The interview with the police from city H also supports this assumption:

“In China, we do not often use the term ‘domestic violence’, not to mention ‘coercive parenting’. We don’t have this concept because, you know, they are your parents, and they act out of love. How can you describe your parents’ management as control? That is so much lack of conscience. … if there is physical violence, especially if someone needs to go to the hospital, it would be recorded as a quarrel or fight, confirming the existence of fighting back or verbal interactions. Then, it is not a one-sided harmful behavior but rather a discord within a family, which should be should be resolved harmoniously.” (interview230702)

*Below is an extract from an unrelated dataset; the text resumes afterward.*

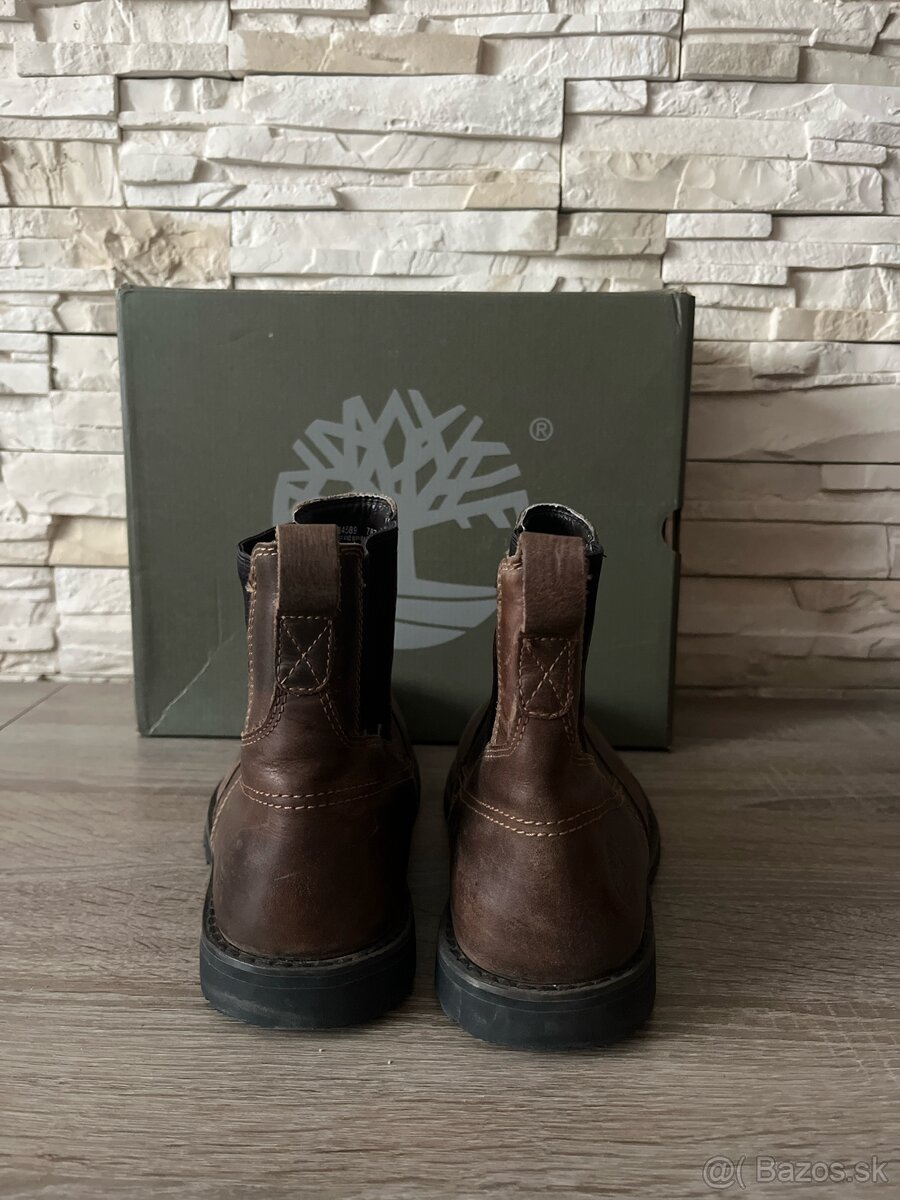 Timberland kožené Topanky - 3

Refusing to use “violence” or “abuse” to describe parents’ coercive control over their offspring is an invisible form of inequality among family members. In Chinese culture, parents enjoy a high level of discursive power, naturally assumed to be the ones with devotion (Wu & Chao, 2011). This grants them priority rights over their offspring, which are often taken for granted and not open to refusal. Consequently, children’s understanding and acceptance are moralized as the only correct choice. Similarly, police who play a mediating role in non-criminal social issues widely accept this concept in China, not treating parenting issues differently from other family violence (i.e., domestic violence in intimate relationships). They may even underestimate it more because they consider issues between parents and their children as private without any serious happenings (Rowe, 2007; Sun et al., 2012). This kind of ignorance greatly influenced the meditation theory in police coercive parenting. Police subconsciously regard young adults as belonging to their parents, while legally being independent adults. Facing this conflict, an easy way for law enforcement, nevertheless, would be simultaneously calming and threatening both sides.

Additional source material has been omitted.